## EXERCISE AIM:
Only the lines below from the one that holds "USB-C til USB-C kabel, 2m, hvid" through the one that holds "Lona publicitaria Carrefour" should appear in the answer, copied exactly, end lines included and pictures omitted.

## INPUT FOR THIS TASK:
-.-.-
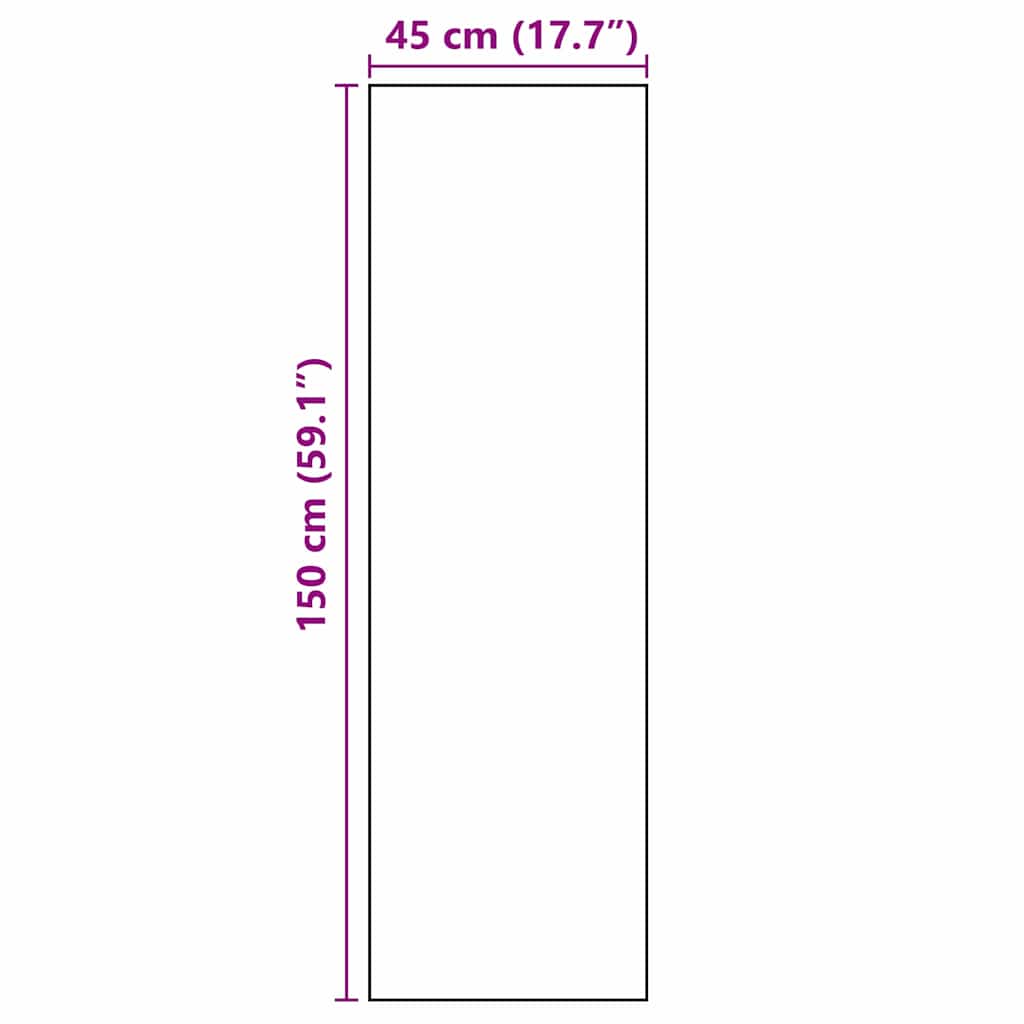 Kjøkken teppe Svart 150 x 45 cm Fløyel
-.-.-
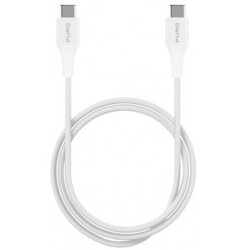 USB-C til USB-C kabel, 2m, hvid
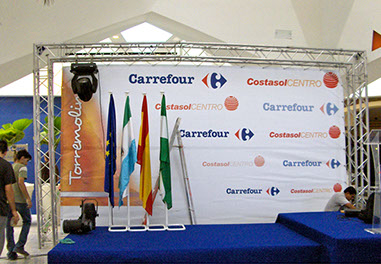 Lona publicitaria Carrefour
-.-.-
## SOLVED PROBLEM:
 USB-C til USB-C kabel, 2m, hvid
 Lona publicitaria Carrefour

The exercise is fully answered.